In the first verses of the Gospel of John is to be found conclusive proof of Christ's di­vinity. It is of interest to note that Martin Luther, alluding to John 1:1, says, "'The Word was God' is against Arius; 'the Word was with God' is against Sabellius." Arius of Alexandria (a.d. 325) held that Christ was created and was younger than the Fa­ther; Sabellius of Ptolemais in Pentapolis (a.d. 250) taught a trinity of forms or man­ifestations—not that the Trinity was eter­nal in the divine nature, but that God merely manifested Himself in three differ­ent ways.

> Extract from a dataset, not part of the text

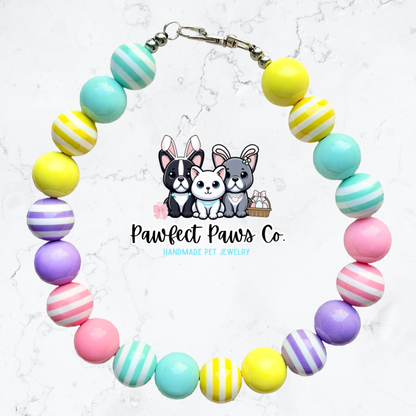 Hoppy Stripes* Yellow, Teal, Pink, Purple Easter/Spring Custom Beaded Dog/Cat Collar Necklace!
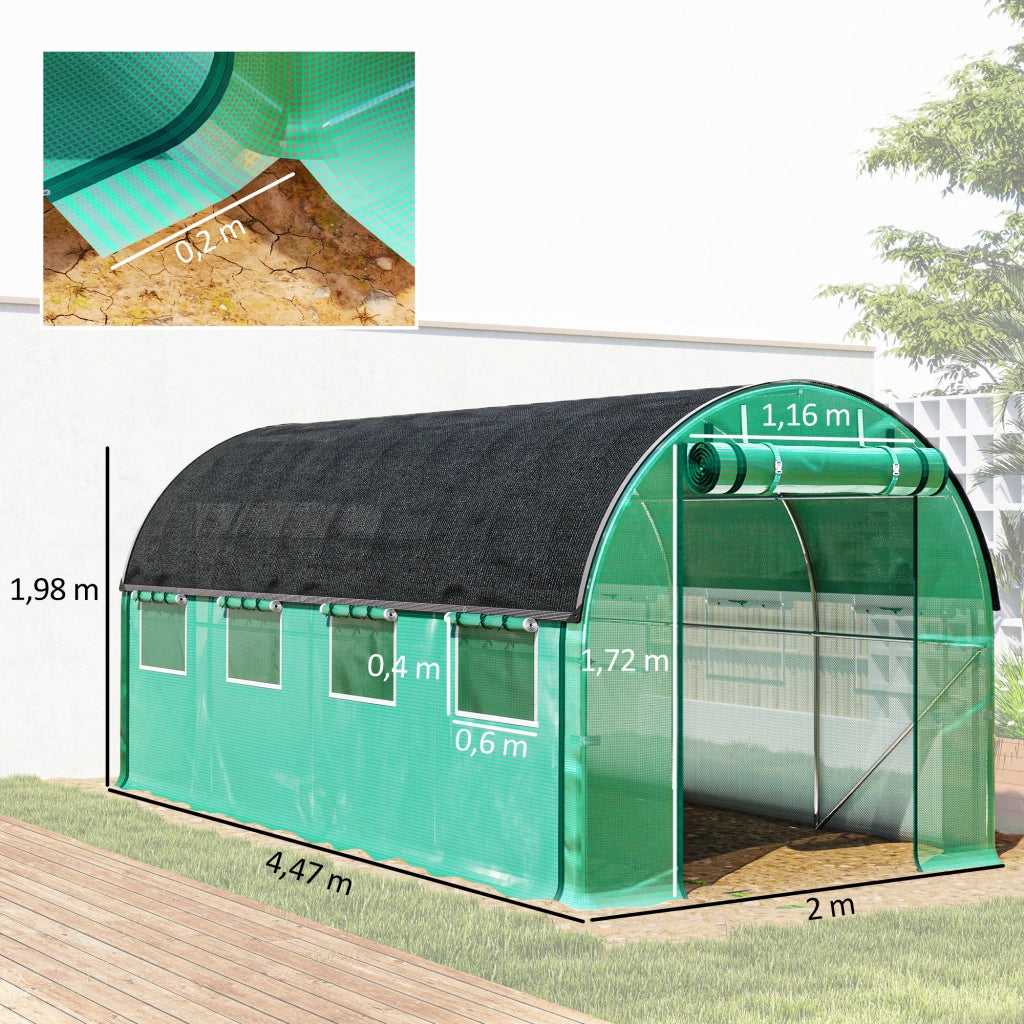 Serra Tunnel 4.5x2x2 m ¨C Minimal ¨C Verde con 8 Finestre e 2 Porte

The use of the word "all" in several verses with reference to Christ establishes beyond contradiction the deity of the Son. There is unmistakable assertion that He is associated with God upon equal footing, does the works of God, is omnipresent, and is worshiped as God. Note the word "all" in the following verses:

John 5:23: "That all men should honour the Son, even as they honour the Father."

John 1:3: "All things were made by him."

Colossians 1:16: "For by him were all things created, that are in heaven, and that are in earth, visible and invisible . . . all things were created by him, and for him."

Hebrews 1:3: "Upholding all things."

Ephesians 1:23: "The fulness of him that filleth all in all."

John 16:30: "Knowest all things."

Hebrews 1:6: "Let all the angels of God worship him."

Colossians 2:3: "In whom are hid all the treasures of wisdom and knowledge."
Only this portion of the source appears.